Before I chicken out; I am taking the rest of the year off from speaking and writing my fourth book.
The past few years I have been furiously working, writing, researching, and speaking towards 20-somethings.
This girl needs a break.
I finished the work, the race, and I sped my little heart out.
My third book is done, minus edits.
My second book is launched.
Now it’s time to rest and wait on God to show me His glory.
Exodus 33:3, NIV84 says, “Go up to the land flowing with milk and honey. But I will not go with you, because you are a stiff-necked people and I might destroy you on the way.”

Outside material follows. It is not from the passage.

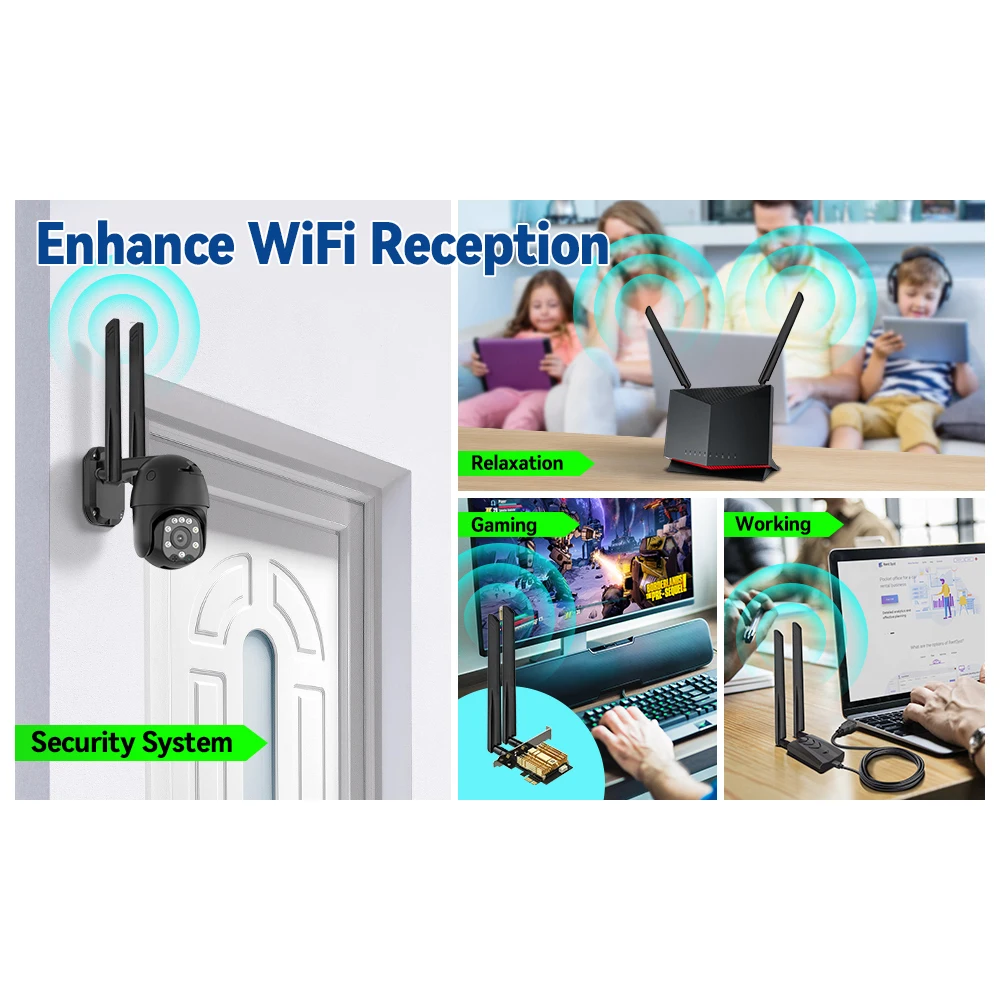 Antena 5G 3G 4G de alta ganancia, 18dBi SMA macho para tarjeta WiFi, enrutador WiFi, adaptador USB, cámara IP de seguridad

I refuse to go anywhere without God. The blessings of the Lord are not enough. His presence alone is worth more to me than the calf. I have made my blessings into an idol and for that, I confess.
Everything I write and speak must be from personal conviction. My intentions are not good enough. I must leave room for faith.
Hebrews 11:1, NIV84 says, “Now faith is being sure of what we hope for and certain of what we do not see.”
The guest pastor at North Coast Calvary last night said, “Religion is not just memorizing it and doing your best.” I want the thrill of sin to repel me. I refuse to go anywhere unless God goes with me.
This is not an emotional high.
This is about me instantly obeying the voice and command of God to remain intentional.
I wouldn’t have written Faithbook of Jesus, Not Another Dating Book, and especially not my third book without intense years of suffering in prayer for God to restore me so I could publish His deeds across the nations.
With that said, I find myself overcoming self–to once again be led by God. I’m excited to honor two words for the year, “Remain” and “Intentional.” My blogs will still continue, but other than that who knows. God?